Sumber Foto: Piera/ Pinterest

H. Zudi Rahmanto* 

Sekilas Ibnu Jarir At Thabary

Abu Ja’far Muhammad bin Jarir At Thabari, nama lengkap sejarawan dan ahli tafsir terkemuka At-Thabari atau Ibnu Jarir at-Tabari yang dilahirkan di kota Amol, Tabaristan (di Iran) pada 225 H atau 839 M yang merupakan tempat berkembangnya kebudayaan Islam.  Namun berdasarkan catatan Wikipedia, mufassir ini lebih banyak menghabiskan waktunya di kota Baghdad; dimana semasa hidupnya, ia pernah belajar di kota RayBaghdad, Syam dan Mesir. Guru yang wafat saat berusia kurang lebih 85 tahun pada 310 H/ 923 M ini, sebagian besar hidupnya diisi dengan mengajar dan menulis. Menurut salah seorang muridnya, Ibnu Kumail, beliau gunakan waktu pagi dan siang untuk menulis, dimana dalam sehari  beliau sanggup menulis hingga 40 halaman.  Sementara sore harinya beliau memberi pelajaran Alquran, Tafsir, dan Fiqh di masjid.

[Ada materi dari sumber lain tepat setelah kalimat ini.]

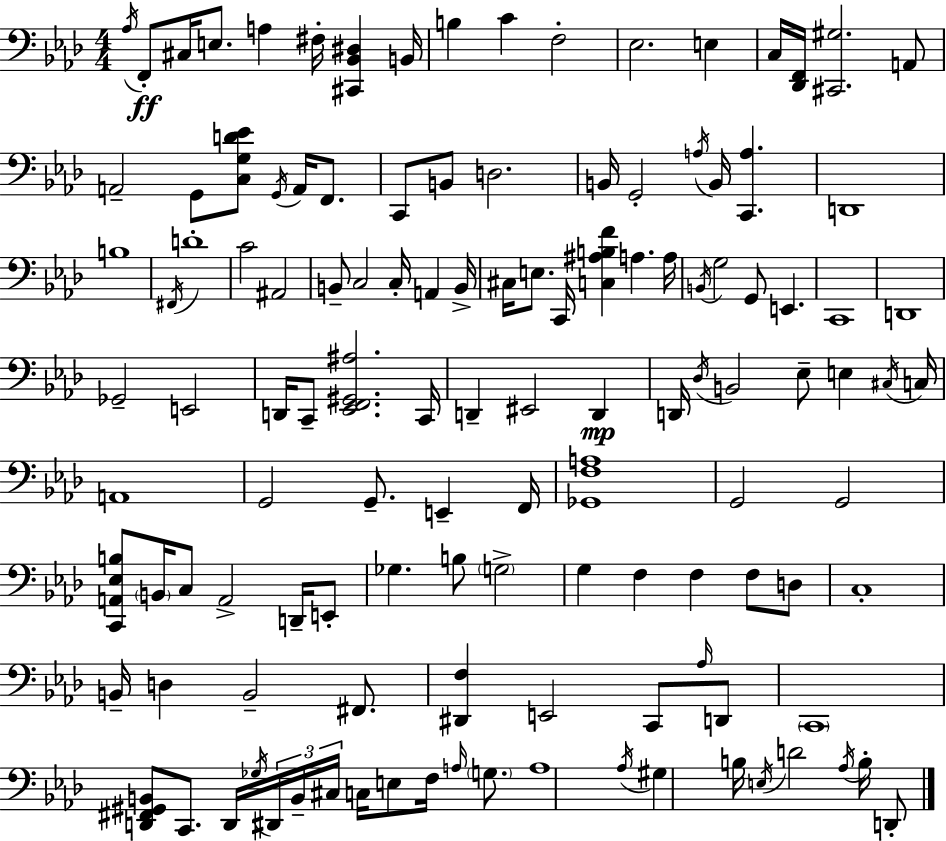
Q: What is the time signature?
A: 4/4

Jami’ al-Bayan Fi Tafsir al-Qur’an atau Tafsir at-Tabari, adalah karyanya yang monumental. Dalam menyusun kitab tafsirnya ini, At-Thabary mengumpulkan bahan-bahan yang berasal dari nash Alquran, hadis, dan riwayat-riwayat yang dipercaya mendukung dalam menjelaskan maksud Alquran. Corak tafsirnya yang bi al-ma’tsur/bi ar riwayah dalam kitabnya menjelaskan penemuan-penemuan hukum, akidah dan fiqh yang ditarik dari ayat-ayat Alquran. Berikut deskripsi beberapa penafsiran At-Thabary terkait kedudukan dan hak-hak reproduksi perempuan.

Perempuan Dalam Tafsir At Thabary

Saat At Thabary  QS. Al Baqarah 36 yang mengusung kisah migrasi  Nabi Adam dan Hawa dari surga ke bumi  dengan merujuk berita yang berasal dari Wahb Ibn Munabbih, seorang ahli tafsir Bibel yang kemudian memeluk Islam, cerita terkait bagaimana ’nilai’ seorang perempuan dalam wacana teks keagamaan, yang diwakili oleh Hawa telah dimulai. Berdasarkan teks-teks Alquran, bahwa Adam dan Hawa ditempatkan di surga, berikut larangan-larangan yang harus dihindari oleh keduanya jika ingin tetap di surga adalah benar adanya. Episode berikutnya adalah perpindahan Adam dan Hawa dari surga menuju bumi ini karena tipu daya setan. (QS. Al Baqarah: 35-36).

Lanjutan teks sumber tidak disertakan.